PROBLEM DETAILS → Restate the data that follows exactly as it stands, beginning with the first line and ending with the line that contains "Awesome 2.5Ct Red".

***** RAW DATA *****

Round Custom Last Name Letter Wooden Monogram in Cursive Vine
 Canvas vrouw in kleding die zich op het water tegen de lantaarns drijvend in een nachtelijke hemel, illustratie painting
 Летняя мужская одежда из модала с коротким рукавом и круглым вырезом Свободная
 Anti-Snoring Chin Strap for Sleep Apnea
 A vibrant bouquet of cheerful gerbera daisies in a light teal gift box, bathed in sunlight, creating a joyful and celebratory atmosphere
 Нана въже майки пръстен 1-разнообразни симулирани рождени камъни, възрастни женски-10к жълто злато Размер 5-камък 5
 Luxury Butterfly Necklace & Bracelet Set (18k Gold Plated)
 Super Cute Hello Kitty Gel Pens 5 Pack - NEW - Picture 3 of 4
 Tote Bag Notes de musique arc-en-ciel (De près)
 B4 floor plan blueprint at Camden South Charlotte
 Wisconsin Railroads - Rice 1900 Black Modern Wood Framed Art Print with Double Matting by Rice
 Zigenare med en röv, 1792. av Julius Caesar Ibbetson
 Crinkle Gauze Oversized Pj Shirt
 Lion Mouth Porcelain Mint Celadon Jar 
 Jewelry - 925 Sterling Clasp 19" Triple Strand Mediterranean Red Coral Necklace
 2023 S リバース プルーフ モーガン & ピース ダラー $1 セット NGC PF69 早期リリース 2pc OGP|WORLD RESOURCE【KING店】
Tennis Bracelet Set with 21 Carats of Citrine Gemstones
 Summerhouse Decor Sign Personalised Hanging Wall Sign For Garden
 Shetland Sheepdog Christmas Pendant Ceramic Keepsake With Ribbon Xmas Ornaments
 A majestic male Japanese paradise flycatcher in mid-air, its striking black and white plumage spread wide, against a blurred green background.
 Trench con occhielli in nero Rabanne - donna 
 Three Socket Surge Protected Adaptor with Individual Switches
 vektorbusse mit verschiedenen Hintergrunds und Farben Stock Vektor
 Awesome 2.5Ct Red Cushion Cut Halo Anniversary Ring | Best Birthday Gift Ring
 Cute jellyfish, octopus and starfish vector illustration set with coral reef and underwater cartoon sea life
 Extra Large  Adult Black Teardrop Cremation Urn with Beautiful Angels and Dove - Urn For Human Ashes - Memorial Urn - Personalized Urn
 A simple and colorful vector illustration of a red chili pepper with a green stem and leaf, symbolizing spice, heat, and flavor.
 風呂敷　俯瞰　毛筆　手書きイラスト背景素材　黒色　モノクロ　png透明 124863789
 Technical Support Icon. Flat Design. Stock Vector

*****

RESPONSE TO THE TASK →
Round Custom Last Name Letter Wooden Monogram in Cursive Vine
 Canvas vrouw in kleding die zich op het water tegen de lantaarns drijvend in een nachtelijke hemel, illustratie painting
 Летняя мужская одежда из модала с коротким рукавом и круглым вырезом Свободная
 Anti-Snoring Chin Strap for Sleep Apnea
 A vibrant bouquet of cheerful gerbera daisies in a light teal gift box, bathed in sunlight, creating a joyful and celebratory atmosphere
 Нана въже майки пръстен 1-разнообразни симулирани рождени камъни, възрастни женски-10к жълто злато Размер 5-камък 5
 Luxury Butterfly Necklace & Bracelet Set (18k Gold Plated)
 Super Cute Hello Kitty Gel Pens 5 Pack - NEW - Picture 3 of 4
 Tote Bag Notes de musique arc-en-ciel (De près)
 B4 floor plan blueprint at Camden South Charlotte
 Wisconsin Railroads - Rice 1900 Black Modern Wood Framed Art Print with Double Matting by Rice
 Zigenare med en röv, 1792. av Julius Caesar Ibbetson
 Crinkle Gauze Oversized Pj Shirt
 Lion Mouth Porcelain Mint Celadon Jar 
 Jewelry - 925 Sterling Clasp 19" Triple Strand Mediterranean Red Coral Necklace
 2023 S リバース プルーフ モーガン & ピース ダラー $1 セット NGC PF69 早期リリース 2pc OGP|WORLD RESOURCE【KING店】
Tennis Bracelet Set with 21 Carats of Citrine Gemstones
 Summerhouse Decor Sign Personalised Hanging Wall Sign For Garden
 Shetland Sheepdog Christmas Pendant Ceramic Keepsake With Ribbon Xmas Ornaments
 A majestic male Japanese paradise flycatcher in mid-air, its striking black and white plumage spread wide, against a blurred green background.
 Trench con occhielli in nero Rabanne - donna 
 Three Socket Surge Protected Adaptor with Individual Switches
 vektorbusse mit verschiedenen Hintergrunds und Farben Stock Vektor
 Awesome 2.5Ct Red Cushion Cut Halo Anniversary Ring | Best Birthday Gift Ring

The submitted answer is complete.